◆ **Work task**: Set down nothing but the lines from the one containing "adidas Red Marvel" to the final line of the material, exactly as written, and drop the pictures.

◆ **Given data**:
◇ ◇ ◇ ◇ ◇

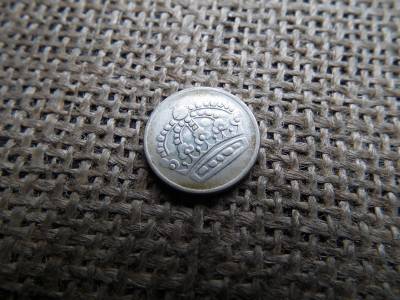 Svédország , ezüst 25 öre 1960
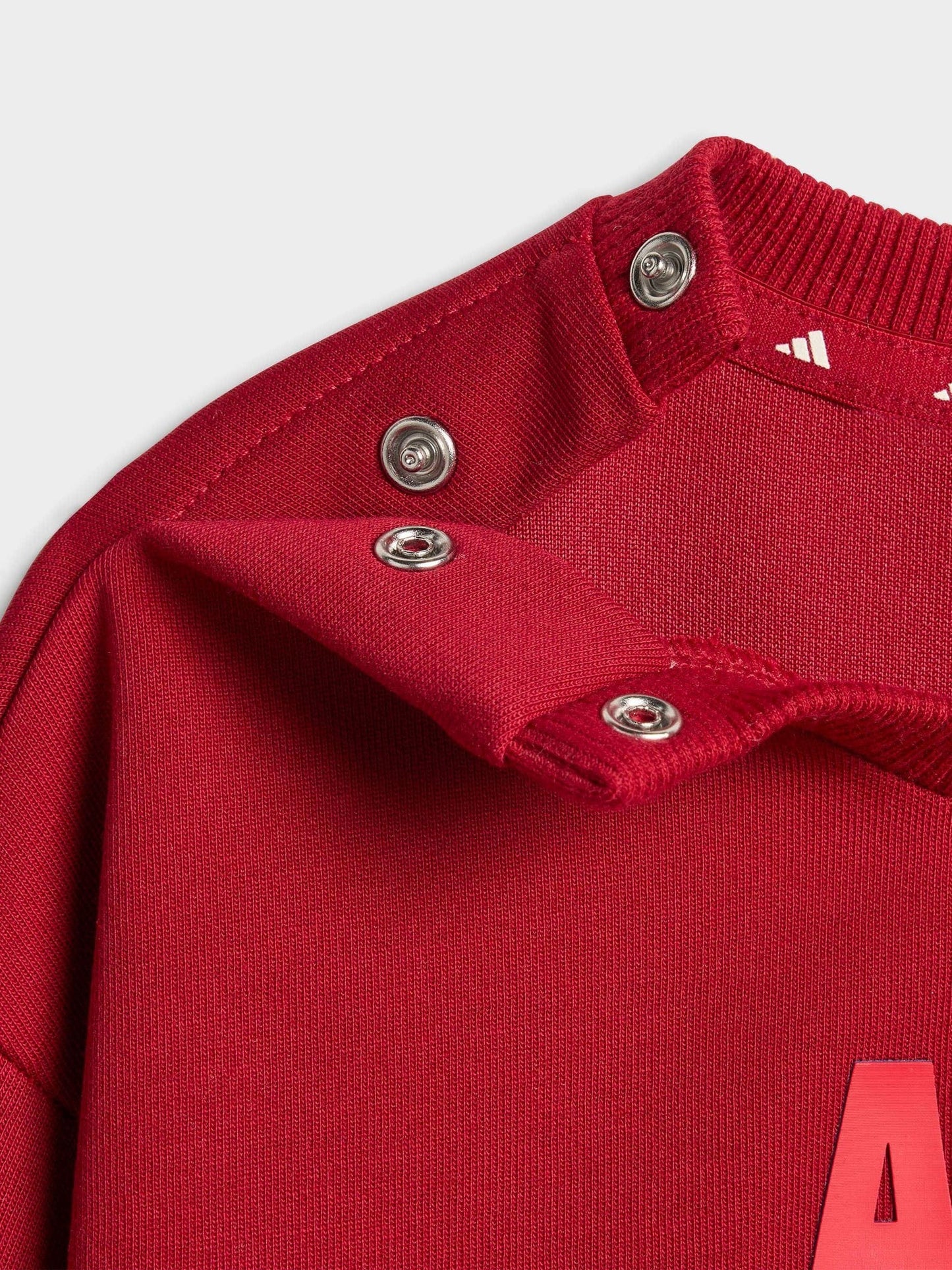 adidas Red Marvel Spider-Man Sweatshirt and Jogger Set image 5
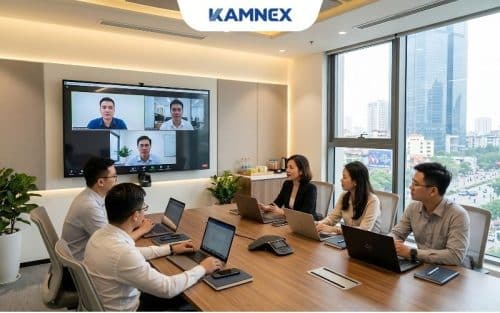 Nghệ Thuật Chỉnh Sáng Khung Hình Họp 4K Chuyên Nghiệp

◇ ◇ ◇ ◇ ◇

◆ **Solution to the exercise**:
 adidas Red Marvel Spider-Man Sweatshirt and Jogger Set image 5
 Nghệ Thuật Chỉnh Sáng Khung Hình Họp 4K Chuyên Nghiệp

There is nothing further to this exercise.